> WORK TO COMPLETE
Copy each entry exactly, leaving nothing out.

[Dataset entries]

----

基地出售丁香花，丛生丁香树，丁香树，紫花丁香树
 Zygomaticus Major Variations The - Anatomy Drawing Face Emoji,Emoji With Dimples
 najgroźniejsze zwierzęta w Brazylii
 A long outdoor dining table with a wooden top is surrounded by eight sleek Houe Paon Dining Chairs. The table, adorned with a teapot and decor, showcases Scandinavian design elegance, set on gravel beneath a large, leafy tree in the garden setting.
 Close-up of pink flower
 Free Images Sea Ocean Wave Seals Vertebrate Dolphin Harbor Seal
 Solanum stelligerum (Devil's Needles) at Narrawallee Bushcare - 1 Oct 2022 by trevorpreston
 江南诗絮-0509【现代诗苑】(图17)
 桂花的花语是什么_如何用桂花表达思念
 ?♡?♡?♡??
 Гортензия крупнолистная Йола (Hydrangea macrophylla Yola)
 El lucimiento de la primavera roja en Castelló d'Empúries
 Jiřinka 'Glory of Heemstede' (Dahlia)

----

> SOLUTION FOR THIS TASK
基地出售丁香花，丛生丁香树，丁香树，紫花丁香树
 Zygomaticus Major Variations The - Anatomy Drawing Face Emoji,Emoji With Dimples
 najgroźniejsze zwierzęta w Brazylii
 A long outdoor dining table with a wooden top is surrounded by eight sleek Houe Paon Dining Chairs. The table, adorned with a teapot and decor, showcases Scandinavian design elegance, set on gravel beneath a large, leafy tree in the garden setting.
 Close-up of pink flower
 Free Images Sea Ocean Wave Seals Vertebrate Dolphin Harbor Seal
 Solanum stelligerum (Devil's Needles) at Narrawallee Bushcare - 1 Oct 2022 by trevorpreston
 江南诗絮-0509【现代诗苑】(图17)
 桂花的花语是什么_如何用桂花表达思念
 ?♡?♡?♡??
 Гортензия крупнолистная Йола (Hydrangea macrophylla Yola)
 El lucimiento de la primavera roja en Castelló d'Empúries
 Jiřinka 'Glory of Heemstede' (Dahlia)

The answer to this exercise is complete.